Tithing Time: Using Social Media for Good
Here we are in 2011 already. It has been some time since I’ve blogged at all, final exams and clients being what they are (worthy of time!). But today I came across a short excerpt I thought I’d share, from the thought leaders at Harvard Business Review. The article is about the choices we make around the use of social media, and outlines strategies to improve the quality of both your online time and offline relationships, and here is a direct quote:
What problems am I choosing to fix with the help of the Internet? The village that needs a new water pump. The prospect of climate change. The aunt who needs a new beau. The creative vacuum left by the implosion of your garage band. Whether it’s a problem for you, your community or the world, the Internet can help you fix it. Tithing 10% of your time online — from micro-volunteering to online activism to writing a heartfelt note to a lonely friend — is a structured way to ensure that the Internet becomes part of the solution instead of part of the problem. This can be the year in which you get serious about the Internet as the single most promising problem-solver in a world that faces many fast-growing problems.

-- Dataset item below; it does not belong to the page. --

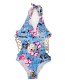 Sexy Blue Flower Pattern Decorated V Neckline Swimwear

Tithing time! What a great phrase and great idea, to boot. I know when I get on line, much of my time — other than work-or-MBA-related research — is used to play Scrabble with a dedicated cohort of friends. Not exactly world-changing, although my vocabulary is getting better daily (“indican”, “bice” and “whilom”, anyone?). How much change could I do if I donated 10% of my online time to something that made the world just a little better?
So, this year, I am going to try something new. I am not sure what that will look like, exactly, but when I do, I’ll be back to you. And while I am sure it will involve some personal things, I am also sure it will have repercussions for things that organizations can also do en masse that will make the worlds they operate in just a little better, too.